Records to use: Begin

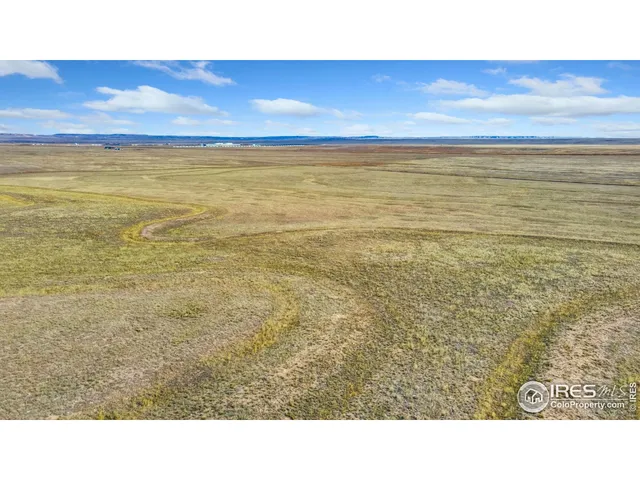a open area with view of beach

Records to use: End
Records to use: Begin

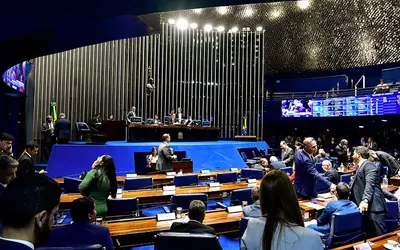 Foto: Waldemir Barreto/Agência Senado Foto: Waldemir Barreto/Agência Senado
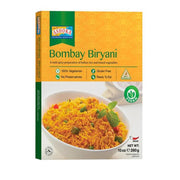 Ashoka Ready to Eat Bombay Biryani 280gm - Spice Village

Records to use: End
Records to use: Begin

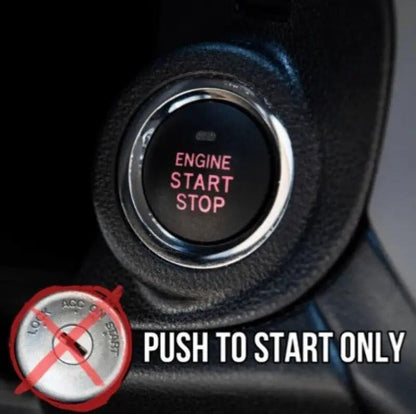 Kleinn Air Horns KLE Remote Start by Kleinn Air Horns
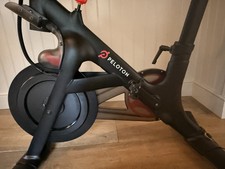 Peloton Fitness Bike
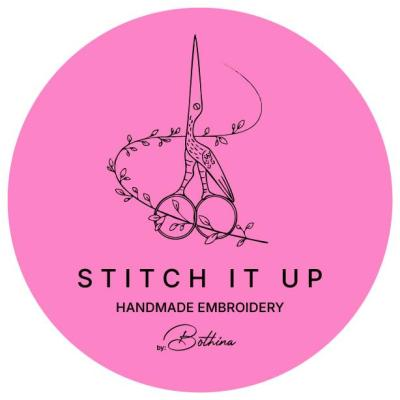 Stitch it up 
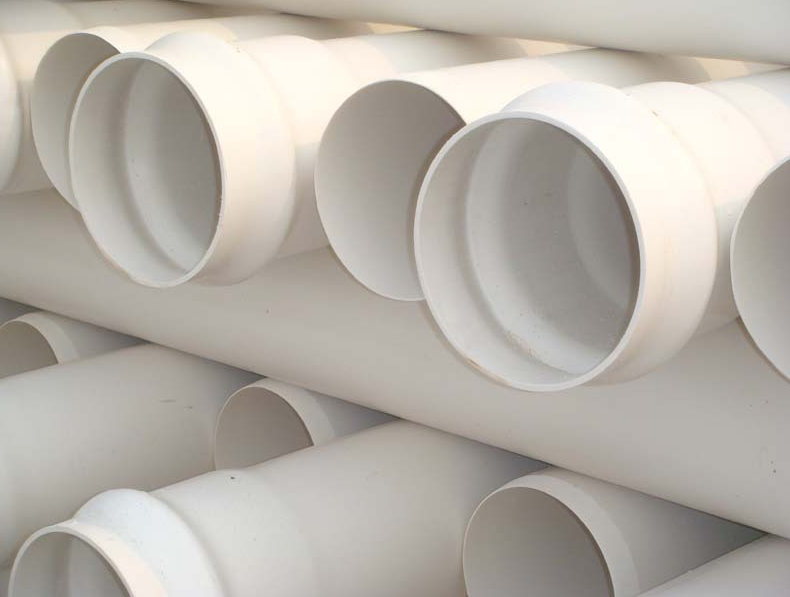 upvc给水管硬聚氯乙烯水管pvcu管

Records to use: End

__Assignment__: Return exactly the lines that appear in the data above between the line containing "Peloton Fitness Bike" and the line containing "upvc给水管硬聚氯乙烯水管pvcu管", both of which are included, and leave the pictures out.

__Answer space__:
 Peloton Fitness Bike
 Stitch it up 
 upvc给水管硬聚氯乙烯水管pvcu管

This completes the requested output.